Yerma, estrenada en el Teatro Español de Madrid hace casi ochenta años, está de gira por toda España de la mano del director Miguel Narros. Como es sabido, se trata de la segunda parte de la trilogía dramática de la tierra española que Federico García Lorca no pudo completar y que había iniciado con Bodas de sangre. Al componer esta pieza, el propio Lorca señaló su intención de recuperar la tragedia clásica, a la manera griega, y así no faltan la heroína- una joven casada con un hombre al que no ama-,  el destino aciago contra el que lucha desesperadamente -su infertilidad- y el inevitable final trágico; un esquema que se completa con la presencia del coro -las lavanderas- que como ocurría en la tragedia clásica, tiene la función de ir dando cuenta del cariz que van tomando los acontecimientos.

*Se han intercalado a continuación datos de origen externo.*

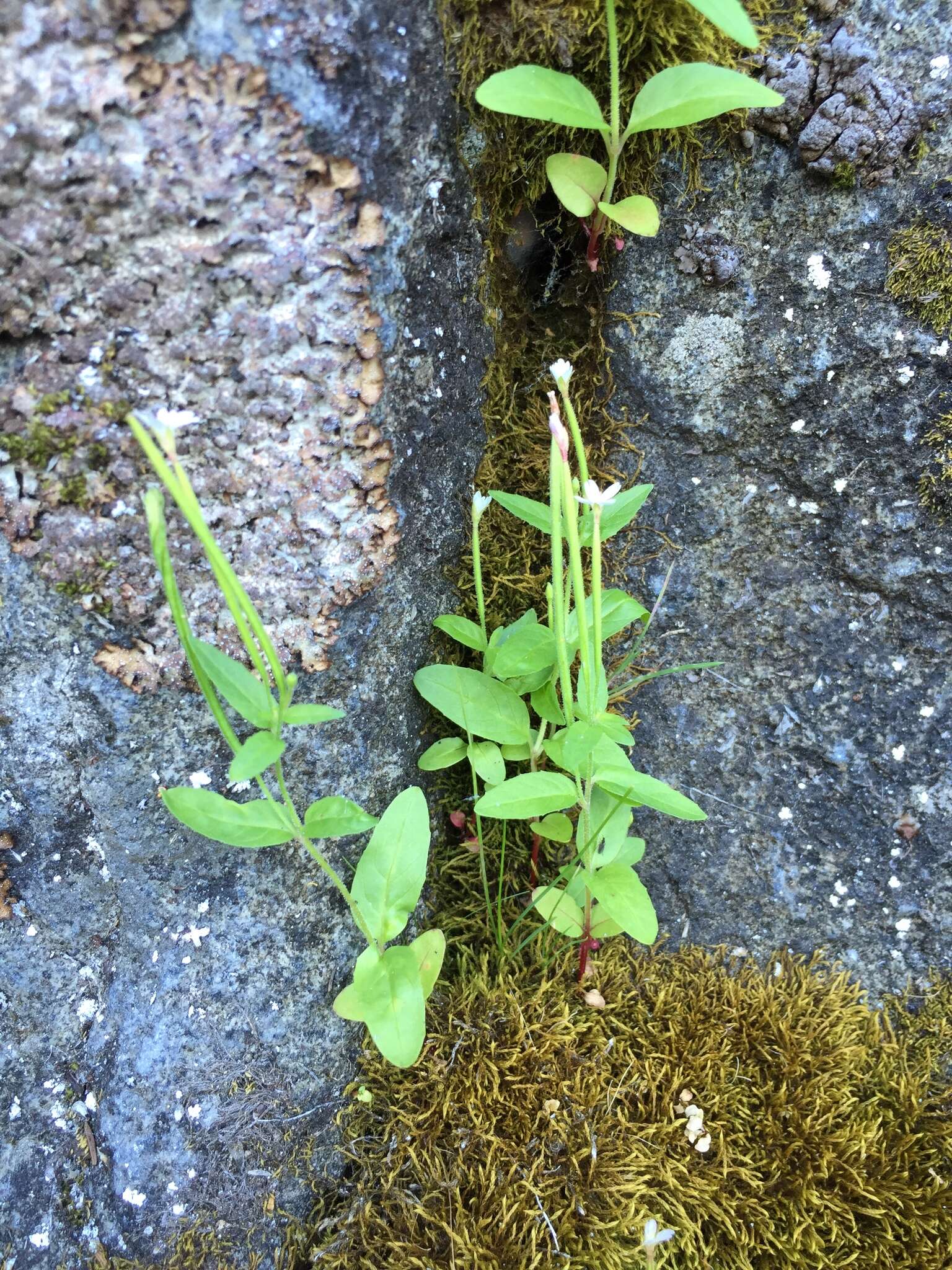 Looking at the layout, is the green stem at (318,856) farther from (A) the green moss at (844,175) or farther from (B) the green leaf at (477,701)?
(A) the green moss at (844,175)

Parafraseando las palabras de Lorca, en Yerma no hay un argumento sino más bien el desarrollo de un carácter. Los espectadores asistimos a la transformación de la protagonista, una mujer que tras dos años y veinte días de matrimonio no consigue concebir un hijo, hecho que va minando su moral y que la conduce a un proceso de enajenación a medida que pasa el tiempo. Su optimismo inicial se transforma en una desesperación absoluta que la conduce a aceptar remedios de curanderas y romerías en la que se funden los elementos paganos y cristianos.

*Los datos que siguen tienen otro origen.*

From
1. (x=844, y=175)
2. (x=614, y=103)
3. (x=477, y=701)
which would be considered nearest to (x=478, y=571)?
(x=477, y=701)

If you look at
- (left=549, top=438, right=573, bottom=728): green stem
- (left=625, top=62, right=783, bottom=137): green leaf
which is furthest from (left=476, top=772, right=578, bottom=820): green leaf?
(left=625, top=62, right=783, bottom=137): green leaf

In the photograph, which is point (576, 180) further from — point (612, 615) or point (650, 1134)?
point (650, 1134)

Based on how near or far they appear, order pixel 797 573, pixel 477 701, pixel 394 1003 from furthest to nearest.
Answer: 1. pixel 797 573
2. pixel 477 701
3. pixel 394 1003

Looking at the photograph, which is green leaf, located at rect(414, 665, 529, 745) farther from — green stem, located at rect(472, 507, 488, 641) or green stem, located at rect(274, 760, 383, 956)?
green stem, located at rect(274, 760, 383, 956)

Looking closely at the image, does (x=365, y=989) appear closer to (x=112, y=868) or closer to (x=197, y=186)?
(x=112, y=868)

En esta ocasión es la actriz Silvia Marsó quien da vida a la nueva Yerma. Su interpretación comienza siendo algo fría, carente de intensidad en algunos momentos, mas a medida que avanza la tragedia aparece el espíritu de la verdadera Yerma, de la mujer que encarna uno de los más terribles dramas femeninos: la imposibilidad de concebir hijos en un marco social en el que se espera de la mujer dicha función. A esta tragedia se suma la frustración erótica de la protagonista, leit motiv constante en el teatro lorquiano. Recordemos que el matrimonio de Yerma no está sustentado en el amor, un elemento que la joven considera fundamental para engendrar una nueva vida. Se siente, por tanto, una mujer incompleta y prueba de ello es su pérdida de feminidad a lo largo de la obra. Este sentimiento de asfixia vital que experimenta la protagonista es interpretado magníficamente por la actriz barcelonesa. Preciosos son los monólogos en los que se evidencia su desesperación, una enajenación que la conduce a envidiar, incluso, a la mismísima naturaleza que constantemente le da muestras de su desbordante fecundidad. Por otra parte, destaca el empleo simbólico del agua como elemento fundamental de la escenografía. Son muchos los momentos en que los actores mojan sus pies en ella, un agua que puede ser símbolo de fecundidad y de libertad pero también de muerte cuando está estancada. Asimismo, luce bastante la escena de las lavanderas, unas muchachas que, además de lavar la ropa airean los trapos sucios de la pobre Yerma. Gracias a sus conversaciones, que sustituyen pasajes omitidos de la trama, los espectadores conocemos el avanzado estado de desesperación que sufre la protagonista. Aunque flojea la interpretación de alguna de estas actrices corales, en conjunto, presentan una escena muy aceptable.

 El momento final en el que Yerma acaba estrangulando con sus propias manos a su esposo Juan, es un trallazo sobrecogedor que no podrá borrarse ya de nuestro imaginario teatral.

En definitiva, Lorca renace con fuerza con este nuevo espectáculo con el que se nos brinda la oportunidad de disfrutar de la magia poética de su palabra y de empatizar con la tragedia humana de la frustración vital. Que cunda el ejemplo y desfilen por las tablas españolas las Adelas, Yermas, Marianas y tantas otras para mayor gloria de nuestro inolvidable Federico.